Information:
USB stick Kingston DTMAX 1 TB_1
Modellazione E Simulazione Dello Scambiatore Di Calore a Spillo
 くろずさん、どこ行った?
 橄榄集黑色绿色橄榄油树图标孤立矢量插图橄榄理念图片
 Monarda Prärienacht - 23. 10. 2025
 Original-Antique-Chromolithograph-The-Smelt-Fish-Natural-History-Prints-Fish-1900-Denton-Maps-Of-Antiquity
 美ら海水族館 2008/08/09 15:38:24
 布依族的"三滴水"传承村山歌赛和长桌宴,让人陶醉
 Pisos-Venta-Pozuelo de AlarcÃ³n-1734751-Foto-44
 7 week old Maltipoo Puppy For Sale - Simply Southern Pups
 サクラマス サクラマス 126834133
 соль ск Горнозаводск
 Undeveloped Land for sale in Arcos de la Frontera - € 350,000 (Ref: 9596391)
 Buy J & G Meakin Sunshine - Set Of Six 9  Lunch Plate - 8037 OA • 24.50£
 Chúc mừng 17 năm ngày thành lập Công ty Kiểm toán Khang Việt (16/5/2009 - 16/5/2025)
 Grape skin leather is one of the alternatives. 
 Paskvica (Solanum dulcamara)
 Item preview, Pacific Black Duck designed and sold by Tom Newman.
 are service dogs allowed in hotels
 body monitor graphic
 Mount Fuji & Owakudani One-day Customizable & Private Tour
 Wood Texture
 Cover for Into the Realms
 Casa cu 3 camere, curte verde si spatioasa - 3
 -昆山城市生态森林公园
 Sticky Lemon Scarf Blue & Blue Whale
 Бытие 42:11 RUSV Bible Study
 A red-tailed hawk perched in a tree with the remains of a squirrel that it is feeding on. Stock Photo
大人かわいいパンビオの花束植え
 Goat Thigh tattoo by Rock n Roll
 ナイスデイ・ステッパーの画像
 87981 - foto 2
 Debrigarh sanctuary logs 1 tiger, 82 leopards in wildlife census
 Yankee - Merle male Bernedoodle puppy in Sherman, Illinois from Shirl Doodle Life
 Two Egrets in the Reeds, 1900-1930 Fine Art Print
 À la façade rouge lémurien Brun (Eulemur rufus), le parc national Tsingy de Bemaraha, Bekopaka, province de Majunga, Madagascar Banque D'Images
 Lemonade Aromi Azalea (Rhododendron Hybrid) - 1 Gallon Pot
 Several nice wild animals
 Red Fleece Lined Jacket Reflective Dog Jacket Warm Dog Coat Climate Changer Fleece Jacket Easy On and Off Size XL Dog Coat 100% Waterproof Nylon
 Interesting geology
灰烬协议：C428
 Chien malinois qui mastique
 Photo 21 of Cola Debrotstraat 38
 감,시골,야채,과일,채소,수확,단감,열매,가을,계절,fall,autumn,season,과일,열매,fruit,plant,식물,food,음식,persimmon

Exercise brief:
Starting at the line above that contains "Chúc mừng 17", repeat each line exactly up to and including the line that contains "body monitor graphic", and stop there.

Written answer:
 Chúc mừng 17 năm ngày thành lập Công ty Kiểm toán Khang Việt (16/5/2009 - 16/5/2025)
 Grape skin leather is one of the alternatives. 
 Paskvica (Solanum dulcamara)
 Item preview, Pacific Black Duck designed and sold by Tom Newman.
 are service dogs allowed in hotels
 body monitor graphic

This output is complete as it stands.